This had been a source of high profits to those granted the APs whilst at the same time giving tough competition to our national car, Proton.

In the first instance, our government under the leadership of Pak Lah had announced loud and clear that it would uphold the principles of transparency and good governance. It would not leave any avenue open for those under it to hide any of their wrongdoings or to cover up any controversial practices.

But here we have a cabinet minister rejecting outright the administration's declared policy. What does all this really mean? One cannot but deduce that the Malaysian government has all along had been practicing selective transparency and enforcement of its own declared basic fundamental principles.

We are intelligent enough to appreciate that the challenge by Mahathir is heavily-loaded and would be too onerous for Rafidah to tackle in plain and honest language.

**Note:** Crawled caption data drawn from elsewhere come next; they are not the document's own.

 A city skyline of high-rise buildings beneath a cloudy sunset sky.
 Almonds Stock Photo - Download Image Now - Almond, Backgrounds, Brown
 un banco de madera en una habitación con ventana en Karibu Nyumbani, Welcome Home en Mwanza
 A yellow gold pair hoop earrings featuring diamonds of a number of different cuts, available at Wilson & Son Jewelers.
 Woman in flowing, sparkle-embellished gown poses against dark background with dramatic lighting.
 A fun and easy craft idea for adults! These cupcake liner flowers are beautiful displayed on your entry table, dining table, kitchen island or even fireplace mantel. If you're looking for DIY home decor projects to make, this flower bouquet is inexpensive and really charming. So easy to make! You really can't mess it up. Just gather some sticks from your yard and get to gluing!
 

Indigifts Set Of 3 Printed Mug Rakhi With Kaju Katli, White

At the same time, neither are we amused by her political answer which has provoked more questions from us than it tries to answer.

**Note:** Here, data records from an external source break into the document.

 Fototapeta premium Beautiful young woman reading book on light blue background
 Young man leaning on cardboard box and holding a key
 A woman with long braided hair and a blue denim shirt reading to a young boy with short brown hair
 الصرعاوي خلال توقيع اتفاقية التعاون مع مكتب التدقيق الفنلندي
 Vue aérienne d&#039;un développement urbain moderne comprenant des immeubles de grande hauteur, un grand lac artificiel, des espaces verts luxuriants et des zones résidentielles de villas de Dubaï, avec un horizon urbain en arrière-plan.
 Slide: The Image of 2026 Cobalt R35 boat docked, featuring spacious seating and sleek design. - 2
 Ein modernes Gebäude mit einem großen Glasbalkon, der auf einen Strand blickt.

Here we have the case of two veteran politicians confronting each other with political semantics and supposed answers given in a form of political riddles in the hope that they would satisfy the unsuspecting general public.

Of course, Mahathir already knew the answers all along. His mistake is that he tolerated the whole AP issue during his time in power. It is now being thrown back at him.

The administrative practices and the semantics of politics adopted by the Abdullah Ahmad Badawi government are not too much different from that when Mahatihr was in power. For this reason, we have a case of the pot calling the kettle black.

The sad part of the whole episode is that the government is still not truly genuine and serious about upholding its own fundamental principle of transparency, the very basis on which the overwhelming mandate was given by the people to Pak Lah during the last election.